As Far As I Can See shows Walker’s distinctive sculptural and installation works sited in the Crawford Art Gallery’s historic Gibson and Long Room galleries where, using his Corbanscale, the works disorientate and reorientate audience perceptions.
Walker’s specific philosophies of scale and sensitivity to local and cultural contexts are central to how he defines and realises his work. As artist and critic Brian O’Doherty has written: “Corban Walker establishes himself as measure of his own art as body as mirror, module, standard (ie. Corbanscale). With this insistence—it is nothing less—he remakes his environment according to his own measure.”
In removing the Gallery’s significant Collection works from the part wood-panelled Gibson Galleries, Walker has created a new work responding to this context which addresses the interplay between space and perception. Consisting of a mirrored installation, Beyond the Rail I-IX disrupts and constructs alternative conditions where the viewer may become part of the object.
Along with interventions of recent glass and amber acrylic works including Untitled (10 x 4 mitre) and 129-40, Walker has sited the installation TV Man astride the 19th-century grand staircase where the artist’s image fits, to scale, in a 65-inch screen. Where paintings of eighteenth-century luminaries of the British Empire have previously been sited, Walker constructs and reclaims marginalised histories and, in the process, also underwrites the future.

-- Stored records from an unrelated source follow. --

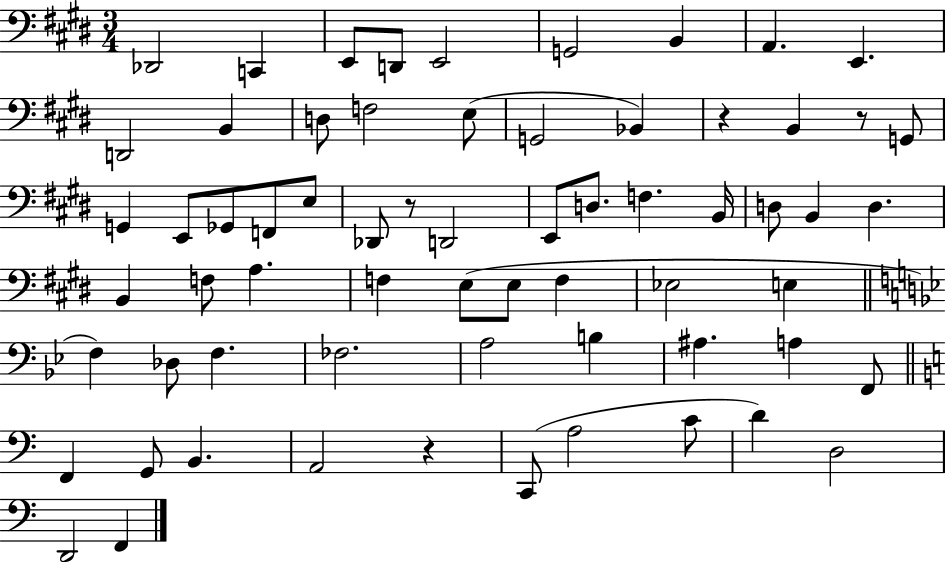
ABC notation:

X:1
T:Untitled
M:3/4
L:1/4
K:E
_D,,2 C,, E,,/2 D,,/2 E,,2 G,,2 B,, A,, E,, D,,2 B,, D,/2 F,2 E,/2 G,,2 _B,, z B,, z/2 G,,/2 G,, E,,/2 _G,,/2 F,,/2 E,/2 _D,,/2 z/2 D,,2 E,,/2 D,/2 F, B,,/4 D,/2 B,, D, B,, F,/2 A, F, E,/2 E,/2 F, _E,2 E, F, _D,/2 F, _F,2 A,2 B, ^A, A, F,,/2 F,, G,,/2 B,, A,,2 z C,,/2 A,2 C/2 D D,2 D,,2 F,,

In the 18th-century Long Room, Walker’s selection of over thirty works from the Collection further brings the artist’s perspective to the fore and questions—as the artist has noted—“how we orientate ourselves to recognizable objects and environments, both in very specific compositions and by opposite stylistic means.”
Through his work, Corban Walker offers audiences an opportunity to interrogate their own actions and interactions with the world around them in the hope of enriching one’s understanding of perception.
Recent solo exhibitions and projects include: BUSHY, Bushy Park, Sculpture Dublin (2022), Condition Canal, Gowanus Projects, New York; Come What May, Centre Cultural Irlandais, Paris; You are Here with Niamh O’Malley, Maud Cotter and Nikolas Fouré, La Tannerie, Bégard, France (2018). Walker received the Pollock Krasner Award in 2015 and represented Ireland at the 54th Venice International Art Biennale in 2011.
Crawford Art Gallery is a national cultural instiutition (Cork, Ireland) and is dedicated to contemporary and historical Irish and international visual art. It offers a vibrant and dynamic programme of temporary exhibitions which probe the future, contemplate the present and reveal the past to create engaging conversations across the timelines. Located in a significant heritage building in the heart of Cork city it is also home to a collection of national importance.